I was actually in a minivan with my wife and four children on our annual road trip to visit family in Houston. As usual, we left after the kids got out of school for the summer and drove straight through.

In this case, that meant a 25-hour journey across parts of Utah, Colorado, New Mexico and Texas. Lots and lots of Texas. As much of Texas as you'd ever want to drive across.

To do it all in one shot, we take turns driving. I was in the saddle to start. My wife took over at about midnight, as she always does, driving through those brutal late-night hours. And so it was that, during her driving time, I was in the front passenger's seat trying to sleep. Because the van was packed, there was no other place to put the box of doughnuts my wife had purchased earlier in the day except on my lap. So there you go.

As I drifted in and out of sleep, I pondered the fact that I always dread these long road trips while we're preparing for them. But I've also learned that, if you really want to break out of your work rut and get in touch with your family, there's nothing like spending 25 hours together in a vehicle hurtling across fairly barren countryside to help you reconnect. Here are some things I've discovered on our trips:

Our children genuinely enjoy spending time with each other. They travel well, and they have a great time making up games, watching movies and singing along to music on the radio. They also fight every now and then, and they sometimes get a bit whiny. In that way, it's still a bit like being at work.

Our children also enjoy spending time with their parents. During the hours at night as they drift off to sleep and in the morning as they start to wake, we're able to have quiet conversations with them. We are a captive audience, which is rare in our busy lives. I especially cherish these moments when I don't have to worry about getting to an appointment or dropping them off at school so I can go to work. It's a long trip, and we're all in it together, so we take the time to talk.

I love talking with my wife. When all of the children are asleep, and we're trying to keep each other awake, we chat about all kinds of things. Over many years of road trips, we've made some major decisions during discussions by the dashboard lights. I wouldn't trade those conversations for anything.

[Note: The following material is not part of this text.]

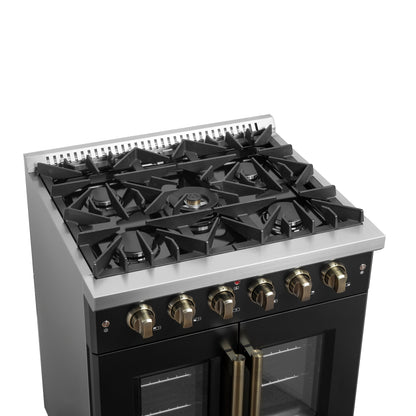 Forno Galiano 30-inch French Door Gas Range Black and Antique Brass Design, 5 Sealed Burners 68,000 BTU,  4.32 cu.ft. Convection Oven - Forno Appliances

It's cool to watch your children sleep. I think all parents do this when their kids are babies, but it's amazing to watch them when they're older, too. As I glanced in the back of the minivan Friday night, I could see my self-assured 13-year-old daughter, rambunctious 5-year-old son and giggly 8- and 10-year-old daughters all peacefully resting next to each other, breathing softly, as the light of the moon streamed in through the windows of the van and gently touched their faces. It was a beautiful sight, the kind that makes you feel all is right with the world.

Of course, you also learn practical things on long trips, such as: gas is really, really expensive; Twizzlers are good snacks for keeping you awake; satellite radio is a godsend when you're in eastern New Mexico and west Texas; it's OK to let your wife splash water on your face if you look drowsy while driving; it's always rush hour in Dallas; at least one child will always decide he or she needs to go to the bathroom five minutes after your last stop; and nothing will put you in motion faster than hearing your 8-year-old say "I think I'm going to throw up" as car-sickness sets in at the end of a long day on the road.

Most of all, you learn that it's OK to be in a remote location with your family — and without cell service — every now and then. Work will still be there when you get home. It always is. But the children will get older and leave someday, and you'll regret it if you missed such moments.

The fact is, work/life balance doesn't just happen. You've got to search for it. And if you look hard enough, sometimes you'll find it while sitting in a minivan, a box of doughnuts on your lap, your family snoozing all around you.